Start of Block

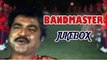 Band Master Movie Songs Collection - Sarathkumar - Deva Hits - Super Hit Songs Jukebox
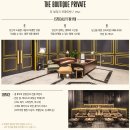 보헤미안 BB부티크 | [동대구 메가박스] MX관 관람후기 #3D사운드시스템 #입체음향 #어벤져스:엔드게임 #8층 메가박스 #동...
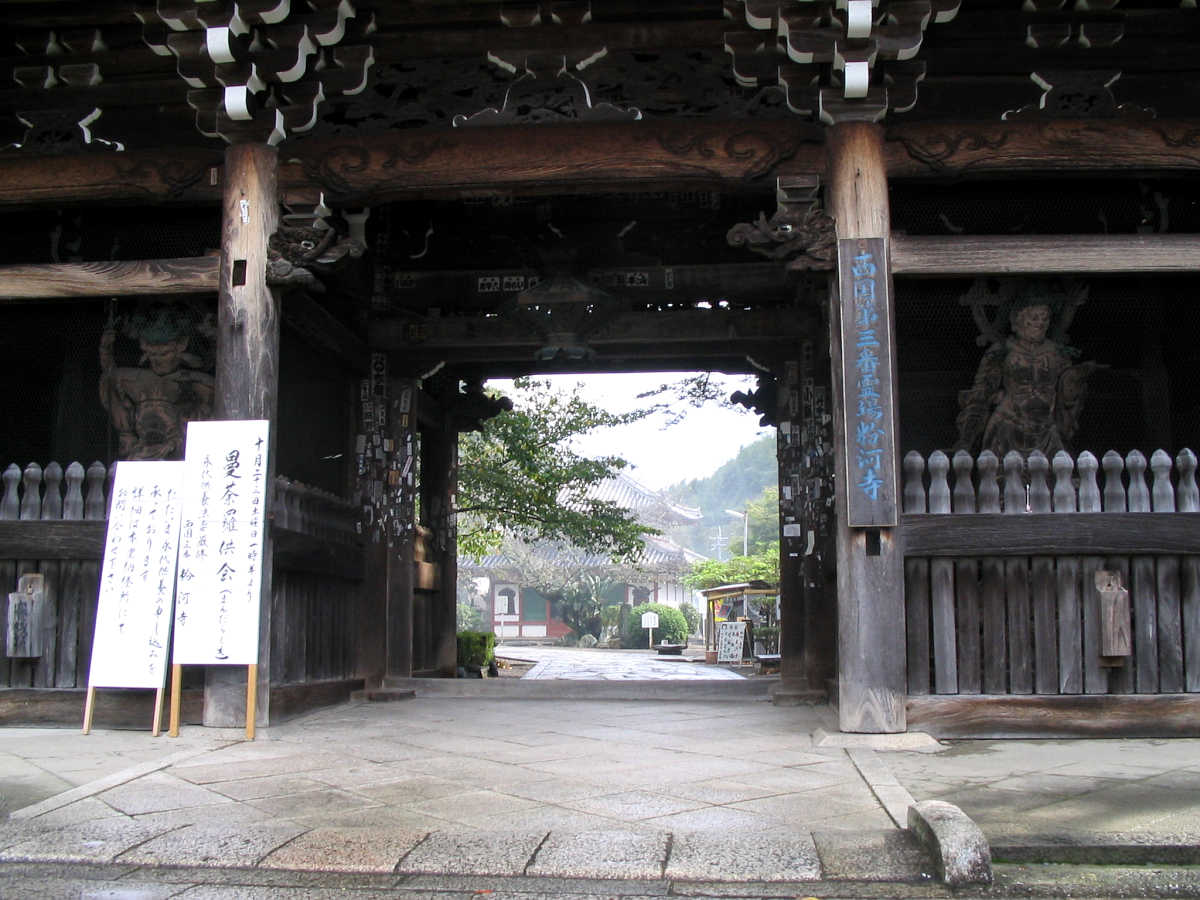 西国三十三ケ所三番札所・風猛山粉河寺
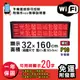 免運 客製化LED字幕機 32x160cm(WIFI傳輸) 單紅P10《買大送小》電視牆 廣告 跑馬 (0折)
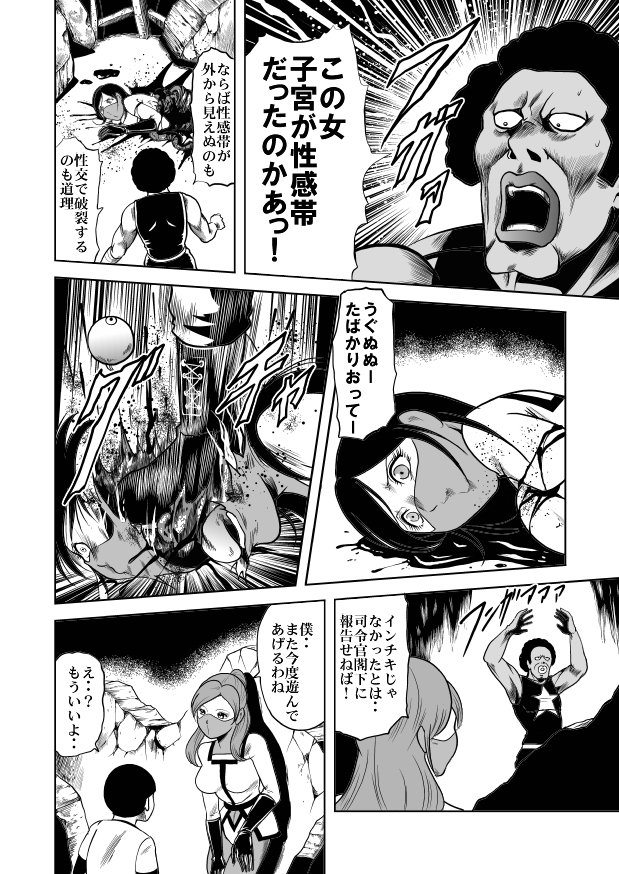 [kisirian] nyotai bakusatsu ken page 42 full
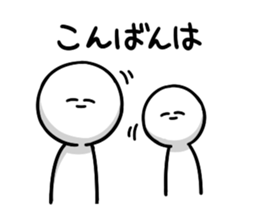 Daradara-Sticker6 sticker #13754955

End of Block

PROBLEM STATEMENT. Repeat every entry above word for word, and include no pictures.

OUTPUT OF THE TASK.
 Band Master Movie Songs Collection - Sarathkumar - Deva Hits - Super Hit Songs Jukebox
 보헤미안 BB부티크 | [동대구 메가박스] MX관 관람후기 #3D사운드시스템 #입체음향 #어벤져스:엔드게임 #8층 메가박스 #동...
 西国三十三ケ所三番札所・風猛山粉河寺
 免運 客製化LED字幕機 32x160cm(WIFI傳輸) 單紅P10《買大送小》電視牆 廣告 跑馬 (0折)
 [kisirian] nyotai bakusatsu ken page 42 full
 Daradara-Sticker6 sticker #13754955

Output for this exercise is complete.